Debajo del piso de la plataforma fueron encontradas
una cantidad considerable de ofrendas; las cuales consisten en un objeto o
varios de ellos (algunas tenían más de 300) dedicados en honor del templo y de
los dioses en el presentes. Se pueden hallar directamente colocados en el relleno
de piedra y lodo que cubría el edificio para construir una nueva etapa, o en
cajas de piedra con su tapa o inclusive dentro de cámaras.
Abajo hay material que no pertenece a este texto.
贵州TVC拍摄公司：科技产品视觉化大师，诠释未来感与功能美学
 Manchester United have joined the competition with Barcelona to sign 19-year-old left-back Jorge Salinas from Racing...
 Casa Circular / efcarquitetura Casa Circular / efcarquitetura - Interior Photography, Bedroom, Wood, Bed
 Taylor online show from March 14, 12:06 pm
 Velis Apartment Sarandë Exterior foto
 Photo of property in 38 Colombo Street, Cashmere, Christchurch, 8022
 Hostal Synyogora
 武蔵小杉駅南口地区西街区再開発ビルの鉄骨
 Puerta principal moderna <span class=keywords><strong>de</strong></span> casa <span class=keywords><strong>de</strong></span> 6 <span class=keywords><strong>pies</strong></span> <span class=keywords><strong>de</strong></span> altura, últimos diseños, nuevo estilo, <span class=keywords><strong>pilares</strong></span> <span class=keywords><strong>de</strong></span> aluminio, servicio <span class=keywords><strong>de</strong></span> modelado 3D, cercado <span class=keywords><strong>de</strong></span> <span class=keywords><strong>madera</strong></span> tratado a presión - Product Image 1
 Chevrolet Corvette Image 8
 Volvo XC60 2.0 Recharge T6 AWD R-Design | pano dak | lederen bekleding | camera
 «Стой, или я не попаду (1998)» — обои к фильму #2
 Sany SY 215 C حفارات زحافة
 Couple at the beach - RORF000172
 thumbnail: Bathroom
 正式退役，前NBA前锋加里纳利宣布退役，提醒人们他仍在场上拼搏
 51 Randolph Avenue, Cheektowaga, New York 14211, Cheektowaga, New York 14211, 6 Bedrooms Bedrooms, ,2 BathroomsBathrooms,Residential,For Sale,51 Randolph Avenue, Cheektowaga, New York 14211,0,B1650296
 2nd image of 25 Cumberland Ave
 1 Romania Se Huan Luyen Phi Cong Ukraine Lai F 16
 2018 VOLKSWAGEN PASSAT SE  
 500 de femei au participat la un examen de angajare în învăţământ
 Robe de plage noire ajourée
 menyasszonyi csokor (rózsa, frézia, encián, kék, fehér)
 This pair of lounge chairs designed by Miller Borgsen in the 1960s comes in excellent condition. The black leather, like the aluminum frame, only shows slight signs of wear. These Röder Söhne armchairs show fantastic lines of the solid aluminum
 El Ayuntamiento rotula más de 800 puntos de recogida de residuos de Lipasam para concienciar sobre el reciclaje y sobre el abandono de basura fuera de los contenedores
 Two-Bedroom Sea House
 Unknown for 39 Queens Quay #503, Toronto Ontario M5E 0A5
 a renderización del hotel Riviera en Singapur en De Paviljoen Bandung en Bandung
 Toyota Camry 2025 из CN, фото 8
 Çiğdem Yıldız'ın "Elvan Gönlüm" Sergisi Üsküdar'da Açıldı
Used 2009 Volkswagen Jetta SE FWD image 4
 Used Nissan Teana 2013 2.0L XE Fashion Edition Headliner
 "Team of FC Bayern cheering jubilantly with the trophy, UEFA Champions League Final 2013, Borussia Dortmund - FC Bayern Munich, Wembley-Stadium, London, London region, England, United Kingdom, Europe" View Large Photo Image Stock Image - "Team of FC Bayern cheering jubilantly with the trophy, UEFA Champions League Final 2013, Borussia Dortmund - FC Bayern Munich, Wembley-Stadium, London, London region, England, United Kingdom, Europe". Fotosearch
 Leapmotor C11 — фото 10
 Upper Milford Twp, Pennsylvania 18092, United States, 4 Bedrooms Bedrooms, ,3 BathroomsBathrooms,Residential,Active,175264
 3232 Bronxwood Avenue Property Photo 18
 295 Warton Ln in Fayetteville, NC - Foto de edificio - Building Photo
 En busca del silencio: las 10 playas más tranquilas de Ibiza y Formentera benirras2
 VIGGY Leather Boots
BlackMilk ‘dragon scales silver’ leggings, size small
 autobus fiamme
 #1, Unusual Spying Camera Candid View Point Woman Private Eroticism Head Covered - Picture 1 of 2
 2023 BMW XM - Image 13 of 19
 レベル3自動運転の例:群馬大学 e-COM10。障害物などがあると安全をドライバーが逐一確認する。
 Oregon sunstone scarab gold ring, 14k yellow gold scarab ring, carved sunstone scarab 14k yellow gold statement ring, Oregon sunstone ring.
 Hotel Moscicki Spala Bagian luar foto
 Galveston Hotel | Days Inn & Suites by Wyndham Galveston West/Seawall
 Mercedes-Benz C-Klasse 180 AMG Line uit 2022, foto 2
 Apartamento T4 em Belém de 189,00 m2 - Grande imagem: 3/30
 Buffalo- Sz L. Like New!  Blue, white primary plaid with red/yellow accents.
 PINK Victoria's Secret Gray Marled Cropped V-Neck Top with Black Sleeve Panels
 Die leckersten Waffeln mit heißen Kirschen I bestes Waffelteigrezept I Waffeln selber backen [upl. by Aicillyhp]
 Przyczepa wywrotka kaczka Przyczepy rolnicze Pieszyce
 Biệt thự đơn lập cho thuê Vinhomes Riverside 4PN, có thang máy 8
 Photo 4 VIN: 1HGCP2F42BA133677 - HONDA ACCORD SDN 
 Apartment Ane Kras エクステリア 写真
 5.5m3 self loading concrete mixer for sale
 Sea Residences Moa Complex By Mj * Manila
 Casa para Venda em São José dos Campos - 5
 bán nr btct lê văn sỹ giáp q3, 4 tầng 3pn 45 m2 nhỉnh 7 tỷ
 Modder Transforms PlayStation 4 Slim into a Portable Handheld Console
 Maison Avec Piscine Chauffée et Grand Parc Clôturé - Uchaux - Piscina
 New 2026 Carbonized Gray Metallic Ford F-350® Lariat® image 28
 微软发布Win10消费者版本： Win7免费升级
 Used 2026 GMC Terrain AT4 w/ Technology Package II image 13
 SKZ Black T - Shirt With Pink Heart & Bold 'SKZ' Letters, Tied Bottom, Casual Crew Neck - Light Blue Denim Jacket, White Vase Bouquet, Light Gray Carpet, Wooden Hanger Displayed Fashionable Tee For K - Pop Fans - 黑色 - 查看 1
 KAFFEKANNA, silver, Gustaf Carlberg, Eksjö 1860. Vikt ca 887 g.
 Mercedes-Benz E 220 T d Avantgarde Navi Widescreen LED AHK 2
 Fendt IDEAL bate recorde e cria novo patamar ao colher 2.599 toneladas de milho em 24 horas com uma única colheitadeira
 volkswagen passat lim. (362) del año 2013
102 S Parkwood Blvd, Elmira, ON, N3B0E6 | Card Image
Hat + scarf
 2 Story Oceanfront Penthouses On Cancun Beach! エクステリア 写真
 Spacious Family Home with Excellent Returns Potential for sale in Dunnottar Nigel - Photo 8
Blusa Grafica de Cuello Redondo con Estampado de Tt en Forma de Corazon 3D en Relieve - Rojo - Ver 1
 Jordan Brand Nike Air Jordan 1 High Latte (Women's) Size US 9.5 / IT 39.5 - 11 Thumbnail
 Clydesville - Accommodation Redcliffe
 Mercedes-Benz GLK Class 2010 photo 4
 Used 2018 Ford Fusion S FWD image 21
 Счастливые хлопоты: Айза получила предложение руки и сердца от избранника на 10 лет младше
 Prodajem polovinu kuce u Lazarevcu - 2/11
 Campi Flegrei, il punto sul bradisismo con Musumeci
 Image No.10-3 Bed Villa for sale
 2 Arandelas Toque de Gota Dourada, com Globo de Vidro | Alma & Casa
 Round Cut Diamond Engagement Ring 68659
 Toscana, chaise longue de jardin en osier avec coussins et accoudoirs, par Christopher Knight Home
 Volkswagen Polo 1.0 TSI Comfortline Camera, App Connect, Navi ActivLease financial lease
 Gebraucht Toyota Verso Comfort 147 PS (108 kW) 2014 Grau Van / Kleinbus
Los objetos eran
colocados de tal manera, tanto en posición horizontal como vertical, pues su
carga simbólica era muy específica; dichas ofrendas fueron colocadas en ejes
importantes, como la unión de los edificios de Tláloc y Huitzilopochtli, a la
mitad de las escaleras, en las esquinas del templo y en las partes medias de
éste.
Etapa II
El recorrido conduce a una etapa anterior, de la
que se conserva la parte alta del templo con los dos adoratorios. A nuestro
lado derecho se puede observar el templo de Huitzilopochtli, y en la entrada
del adoratorio la piedra de sacrificios. Algunas urnas fúnebres, encontradas
debajo del piso, constituyen las piezas más antiguas halladas en el Templo
Mayor.
En nuestro lado izquierdo está el adoratorio de
Tláloc, frente a cuyo acceso se localiza la figura de un Chac Mool; los pilares
que conforman la entrada se conservan en buenas condiciones y todavía se pueden
apreciar los colores originales. Esta etapa se ubica en el año 1390 d. C. por
el glifo 2 conejo que se ven el último escalón del lado de Huitzilopochtli, en
eje con la piedra de sacrificios antes mencionada.